Last metadata expiration check: 1:34:49 ago on Tue 23 Jul 2024 03:05:30 PM UTC.
rocm-device-libs-1.0.0.60100-82.el9.x86_64 : Radeon Open Compute - device libraries
Repo        : ROCm
Matched from:
Filename    : /opt/rocm-6.1.0/lib/llvm/lib/clang/17/lib/amdgcn/bitcode/opencl.bc

...

And with that, the sample compute task succeeded!

jiridanek commented 1 month ago
# dnf repoquery --whatrequires rocm-device-libs
Updating Subscription Management repositories.
Unable to read consumer identity

This system is not registered with an entitlement server. You can use subscription-manager to register.

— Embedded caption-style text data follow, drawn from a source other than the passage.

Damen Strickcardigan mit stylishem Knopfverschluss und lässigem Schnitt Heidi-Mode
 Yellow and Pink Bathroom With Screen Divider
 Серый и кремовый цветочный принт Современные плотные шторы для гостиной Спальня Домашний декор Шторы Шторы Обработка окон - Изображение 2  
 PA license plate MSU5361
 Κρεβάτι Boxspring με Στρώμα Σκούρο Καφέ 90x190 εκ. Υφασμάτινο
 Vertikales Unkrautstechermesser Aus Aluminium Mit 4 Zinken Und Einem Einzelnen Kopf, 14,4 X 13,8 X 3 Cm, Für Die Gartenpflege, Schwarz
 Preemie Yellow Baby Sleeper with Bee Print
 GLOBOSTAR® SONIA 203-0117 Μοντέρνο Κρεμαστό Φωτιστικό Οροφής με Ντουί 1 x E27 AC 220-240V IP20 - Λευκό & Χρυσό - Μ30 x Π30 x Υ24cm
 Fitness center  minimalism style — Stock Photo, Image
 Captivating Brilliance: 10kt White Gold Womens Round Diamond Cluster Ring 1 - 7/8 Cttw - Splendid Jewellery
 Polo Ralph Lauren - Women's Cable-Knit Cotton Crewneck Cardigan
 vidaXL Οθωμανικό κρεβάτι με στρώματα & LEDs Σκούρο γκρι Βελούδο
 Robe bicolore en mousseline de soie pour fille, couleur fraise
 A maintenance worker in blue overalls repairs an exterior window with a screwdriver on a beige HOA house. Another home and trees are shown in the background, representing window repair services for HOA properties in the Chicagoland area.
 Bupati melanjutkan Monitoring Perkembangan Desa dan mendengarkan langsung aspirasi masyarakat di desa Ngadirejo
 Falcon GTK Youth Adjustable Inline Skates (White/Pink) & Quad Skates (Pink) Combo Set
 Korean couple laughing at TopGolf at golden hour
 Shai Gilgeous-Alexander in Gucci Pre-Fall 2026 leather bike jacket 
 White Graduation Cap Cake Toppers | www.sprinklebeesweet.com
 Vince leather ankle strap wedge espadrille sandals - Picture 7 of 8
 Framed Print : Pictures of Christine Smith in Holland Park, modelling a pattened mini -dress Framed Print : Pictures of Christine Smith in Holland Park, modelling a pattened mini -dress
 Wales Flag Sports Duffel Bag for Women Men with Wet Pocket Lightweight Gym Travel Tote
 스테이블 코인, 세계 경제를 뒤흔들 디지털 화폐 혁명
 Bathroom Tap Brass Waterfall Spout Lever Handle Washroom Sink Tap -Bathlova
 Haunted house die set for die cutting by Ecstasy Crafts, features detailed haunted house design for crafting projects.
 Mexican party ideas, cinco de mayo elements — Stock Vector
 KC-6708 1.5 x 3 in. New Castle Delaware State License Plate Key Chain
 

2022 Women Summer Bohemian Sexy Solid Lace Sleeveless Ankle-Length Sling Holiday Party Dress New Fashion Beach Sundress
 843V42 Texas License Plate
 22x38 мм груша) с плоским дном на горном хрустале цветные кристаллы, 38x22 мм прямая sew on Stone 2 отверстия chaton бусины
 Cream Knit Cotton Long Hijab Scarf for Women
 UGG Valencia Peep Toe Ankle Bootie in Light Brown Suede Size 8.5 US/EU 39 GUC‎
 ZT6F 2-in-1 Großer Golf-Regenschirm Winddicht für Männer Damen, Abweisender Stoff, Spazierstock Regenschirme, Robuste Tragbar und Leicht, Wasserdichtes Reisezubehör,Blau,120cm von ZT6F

Last metadata expiration check: 1:38:17 ago on Tue 23 Jul 2024 03:05:30 PM UTC.
openmp-extras-devel-0:17.60.0.60100-82.el9.x86_64
rocm-dev-0:6.1.0.60100-82.el9.x86_64
rocm-hip-runtime-devel-0:6.1.0.60100-82.el9.x86_64
rocm-openmp-sdk-0:6.1.0.60100-82.el9.x86_64

there does not seem to be a good top level dep to install to get rocm-device-libs

jiridanek commented 1 month ago

Torch seems to be working out of the box,

>>> torch.cuda.is_available()
True
>>> torch.cuda.device_count()
1
>>> torch.cuda.current_device()
0
>>> torch.cuda.device(0)
<torch.cuda.device object at 0x7fb1b29a7e80>
>>> torch.cuda.get_device_name(0)
'AMD Instinct MI210'
>>> torch.cuda.is_available()
True
>>> torch.tensor([5, 5, 5], dtype=torch.int64, device='cuda')
tensor([5, 5, 5], device='cuda:0')
jiridanek commented 1 month ago
(app-root) bash-5.1# python3 -c 'import torch; print(torch.version.hip)'
6.0.32830-d62f6a171
# pip3 install torchvision torchaudio --index-url https://download.pytorch.org/whl/rocm6.0
openshift-ci[bot] commented 1 month ago

@jiridanek: The following tests failed, say /retest to rerun all failed tests or /retest-required to rerun all mandatory failed tests:

Test name Commit Details Required Rerun command
ci/prow/rocm-notebooks-e2e-tests 093ff53b4ecbbd638395c07861932fce03e71b27 link true /test rocm-notebooks-e2e-tests
ci/prow/images 093ff53b4ecbbd638395c07861932fce03e71b27 link true /test images
ci/prow/notebook-rocm-jupyter-tf-ubi9-python-3-9-pr-image-mirror 093ff53b4ecbbd638395c07861932fce03e71b27 link true /test notebook-rocm-jupyter-tf-ubi9-python-3-9-pr-image-mirror
ci/prow/notebook-rocm-jupyter-pyt-ubi9-python-3-9-pr-image-mirror 093ff53b4ecbbd638395c07861932fce03e71b27 link true /test notebook-rocm-jupyter-pyt-ubi9-python-3-9-pr-image-mirror

Full PR test history. Your PR dashboard.

Instructions for interacting with me using PR comments are available [here](https://git.k8s.io/community/contributors/guide/pull-requests.md). If you have questions or suggestions related to my behavior, please file an issue against the [kubernetes-sigs/prow](https://github.com/kubernetes-sigs/prow/issues/new?title=Prow%20issue:) repository. I understand the commands that are listed [here](https://go.k8s.io/bot-commands).
jiridanek commented 1 month ago

This did not go well. By adding the libs that were needed for Tensorflow, I ended up bloating up the image to the original size ;( There is fewer things installed, but it does not matter. Trivy is still unhappy scanning the result.

caponetto commented 1 month ago

=/ In this case, I will disable the image scan for rocm-jupyter-pytorch-ubi9-python-3.9. Instead, we can at least run the scan for the lock file, which I believe is faster and doesn't require dealing with the image.